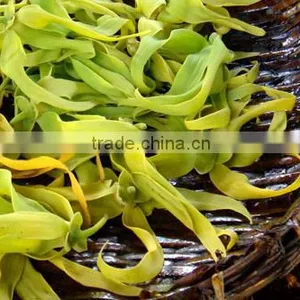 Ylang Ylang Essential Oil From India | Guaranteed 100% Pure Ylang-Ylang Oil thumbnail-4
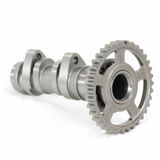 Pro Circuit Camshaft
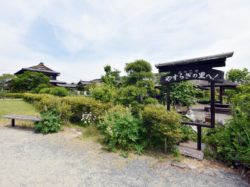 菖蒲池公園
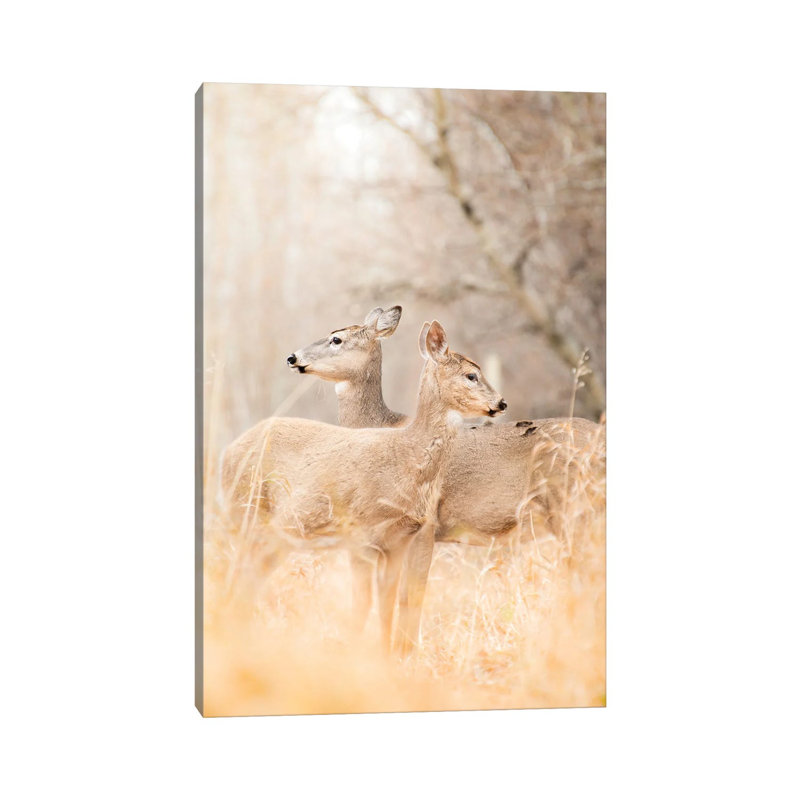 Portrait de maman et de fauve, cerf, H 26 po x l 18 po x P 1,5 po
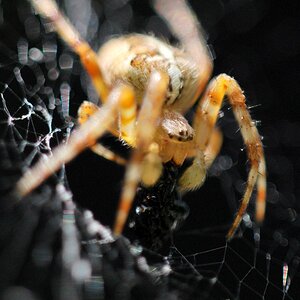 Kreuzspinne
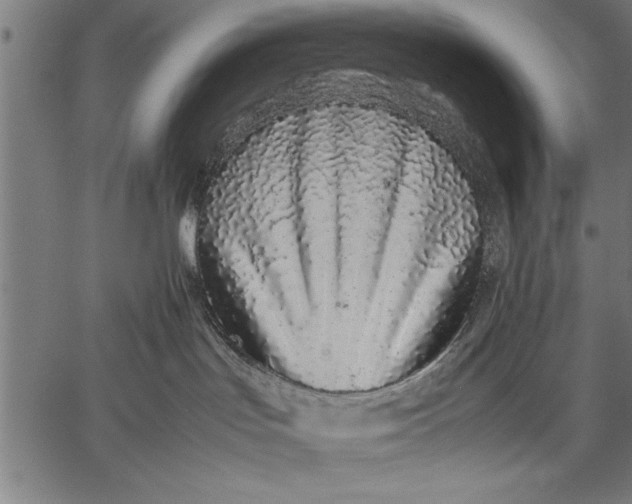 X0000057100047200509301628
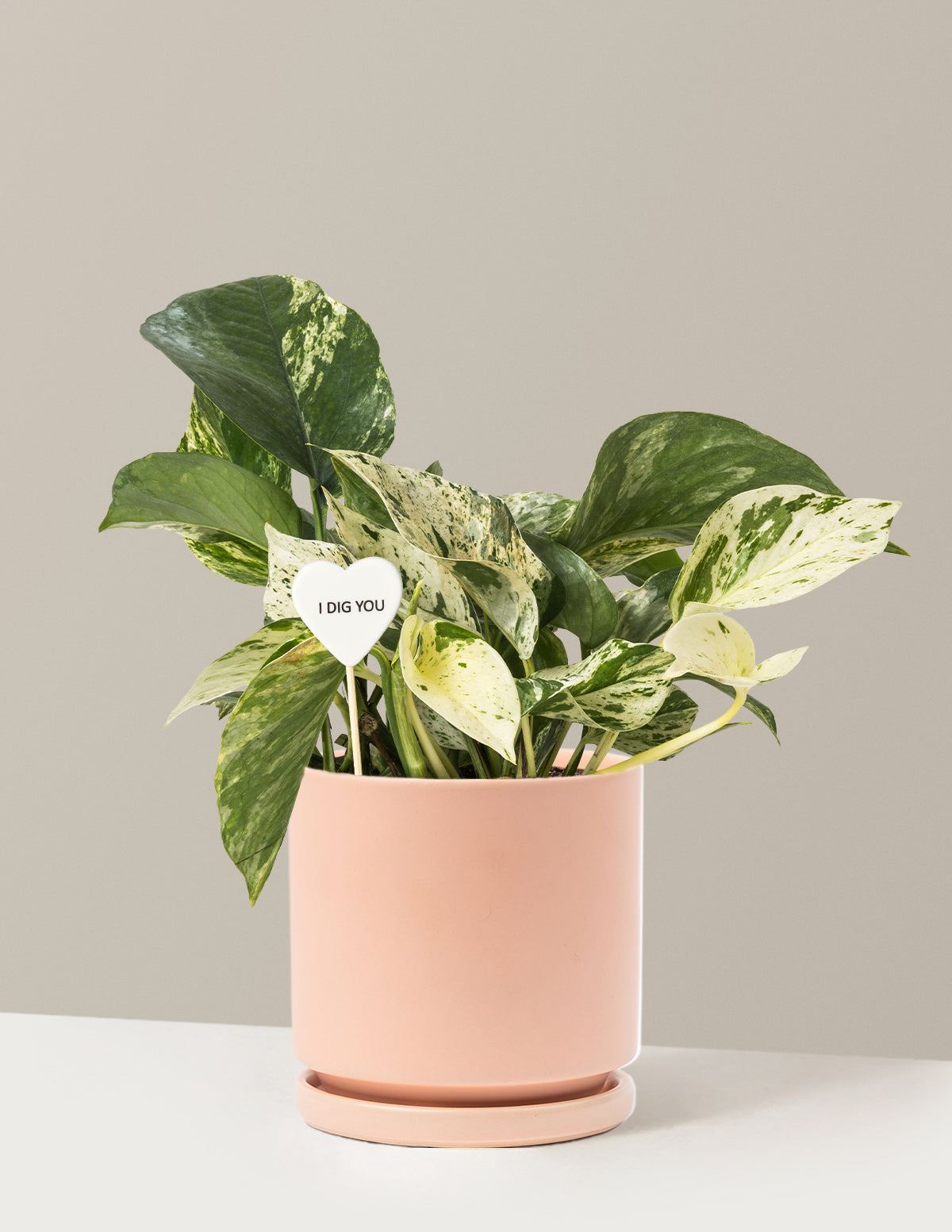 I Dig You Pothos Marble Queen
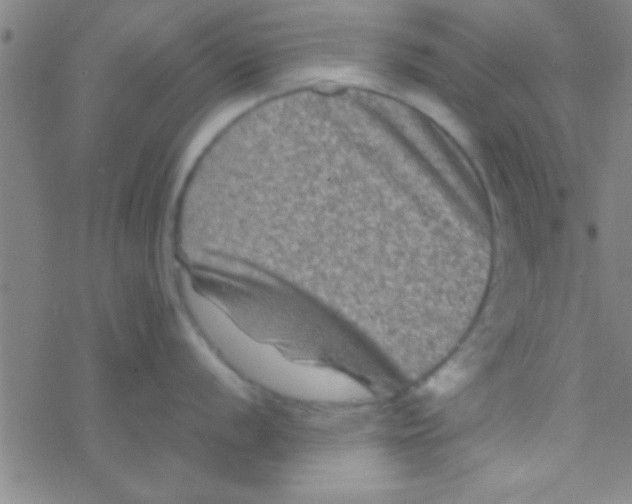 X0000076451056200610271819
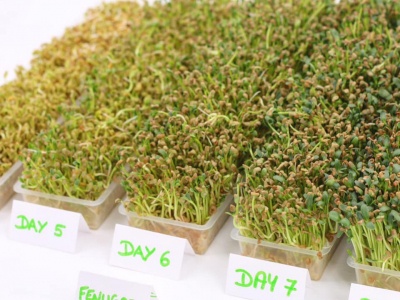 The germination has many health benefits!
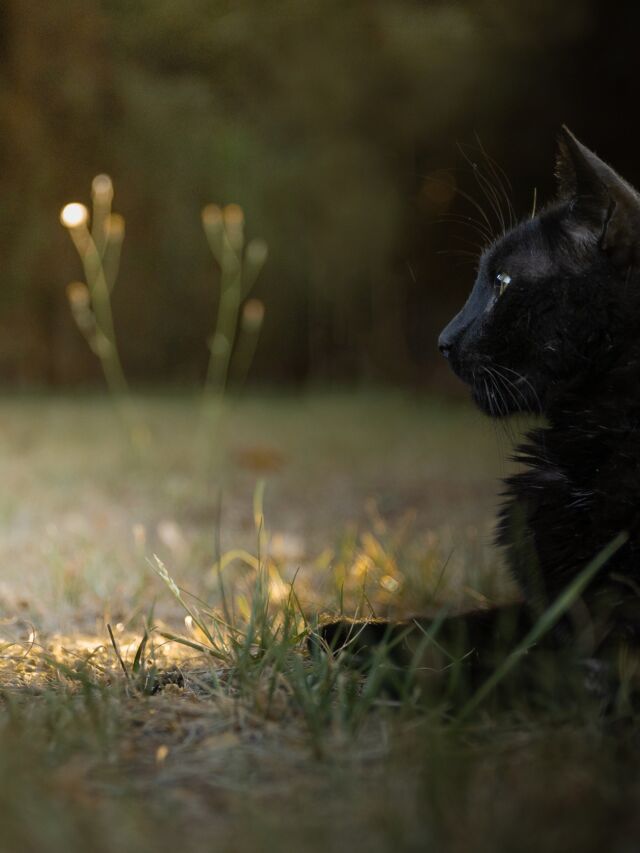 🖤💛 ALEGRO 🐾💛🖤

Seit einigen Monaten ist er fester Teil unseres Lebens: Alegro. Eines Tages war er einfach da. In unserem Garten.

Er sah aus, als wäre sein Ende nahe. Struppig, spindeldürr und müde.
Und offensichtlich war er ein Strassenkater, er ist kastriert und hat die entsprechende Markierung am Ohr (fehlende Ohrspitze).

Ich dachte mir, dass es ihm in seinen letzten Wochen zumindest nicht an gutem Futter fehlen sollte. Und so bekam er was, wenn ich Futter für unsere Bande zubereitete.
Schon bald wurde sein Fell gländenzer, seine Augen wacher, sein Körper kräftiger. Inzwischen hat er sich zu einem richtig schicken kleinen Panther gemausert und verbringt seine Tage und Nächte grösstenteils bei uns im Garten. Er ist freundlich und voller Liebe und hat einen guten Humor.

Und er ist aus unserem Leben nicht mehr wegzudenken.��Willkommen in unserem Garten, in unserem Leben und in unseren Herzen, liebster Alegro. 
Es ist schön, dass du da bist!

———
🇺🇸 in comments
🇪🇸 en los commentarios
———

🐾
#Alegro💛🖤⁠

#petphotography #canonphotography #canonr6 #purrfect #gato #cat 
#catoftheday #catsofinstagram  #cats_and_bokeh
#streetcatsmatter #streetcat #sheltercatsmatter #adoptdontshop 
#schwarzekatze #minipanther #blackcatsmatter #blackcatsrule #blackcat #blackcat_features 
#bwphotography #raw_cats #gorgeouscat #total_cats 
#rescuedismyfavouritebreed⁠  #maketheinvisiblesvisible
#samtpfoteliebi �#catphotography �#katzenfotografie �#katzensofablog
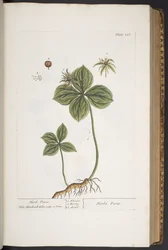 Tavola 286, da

▸ To do: Pictures in the records above are not copied; print everything else exactly.

▸ Written solution:
 Ylang Ylang Essential Oil From India | Guaranteed 100% Pure Ylang-Ylang Oil thumbnail-4
 Pro Circuit Camshaft
 菖蒲池公園
 Portrait de maman et de fauve, cerf, H 26 po x l 18 po x P 1,5 po
 Kreuzspinne
 X0000057100047200509301628
 I Dig You Pothos Marble Queen
 X0000076451056200610271819
 The germination has many health benefits!
 🖤💛 ALEGRO 🐾💛🖤

Seit einigen Monaten ist er fester Teil unseres Lebens: Alegro. Eines Tages war er einfach da. In unserem Garten.

Er sah aus, als wäre sein Ende nahe. Struppig, spindeldürr und müde.
Und offensichtlich war er ein Strassenkater, er ist kastriert und hat die entsprechende Markierung am Ohr (fehlende Ohrspitze).

Ich dachte mir, dass es ihm in seinen letzten Wochen zumindest nicht an gutem Futter fehlen sollte. Und so bekam er was, wenn ich Futter für unsere Bande zubereitete.
Schon bald wurde sein Fell gländenzer, seine Augen wacher, sein Körper kräftiger. Inzwischen hat er sich zu einem richtig schicken kleinen Panther gemausert und verbringt seine Tage und Nächte grösstenteils bei uns im Garten. Er ist freundlich und voller Liebe und hat einen guten Humor.

Und er ist aus unserem Leben nicht mehr wegzudenken.��Willkommen in unserem Garten, in unserem Leben und in unseren Herzen, liebster Alegro. 
Es ist schön, dass du da bist!

———
🇺🇸 in comments
🇪🇸 en los commentarios
———

🐾
#Alegro💛🖤⁠

#petphotography #canonphotography #canonr6 #purrfect #gato #cat 
#catoftheday #catsofinstagram  #cats_and_bokeh
#streetcatsmatter #streetcat #sheltercatsmatter #adoptdontshop 
#schwarzekatze #minipanther #blackcatsmatter #blackcatsrule #blackcat #blackcat_features 
#bwphotography #raw_cats #gorgeouscat #total_cats 
#rescuedismyfavouritebreed⁠  #maketheinvisiblesvisible
#samtpfoteliebi �#catphotography �#katzenfotografie �#katzensofablog
 Tavola 286, da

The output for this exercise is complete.